Cheat points and slip away...

Note: the last two questions are a little difficult. I'll kill them when I improve my skills in the future!!

### Write at the end

The difficulty of this year's questions is indeed lower than that of previous years. I don't know whether it is psychological reasons or the reasons for reading the answers. I always feel that it is a little simpler than that of the 8th, 9th and 10th sessions. I haven't been as thorough as this session after reading the answers in the previous sessions. This year is basically a year with more large number of exercises.
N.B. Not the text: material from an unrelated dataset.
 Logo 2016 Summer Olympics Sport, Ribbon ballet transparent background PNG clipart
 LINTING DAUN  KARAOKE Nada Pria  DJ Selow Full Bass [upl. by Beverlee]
I remember that one year I took more exams in full arrangement. My mother, That's really laborious. Thanks to the APIBiginteger of Java, it's really difficult to operate. I don't know if tomorrow's problem will be more difficult than this year's problem. If I can't investigate the algorithms, then gg it. Let's take it as it comes. In a word, maybe I haven't worked hard enough, but I can't brush the questions. Some people always say that a person's potential is unlimited, but the premise of stimulating potential is always a touch stimulation stage. Maybe losing the game tomorrow is the best stimulation for me. This blue bridge cup may be the last algorithm competition I participated in, because I have to work, We need to work hard to expand the technology stack and prepare for the interview, so there will be no time to participate in the algorithm competition. Anyway, just keep working hard. Post a paragraph of my favorite words to cheer me up for tomorrow's game. hh~

If life is like an ant, it should be ambitious. Life is as thin as paper, but it has an unyielding heart. The world is uncertain. You and I are all dark horses. One day, it will soar!!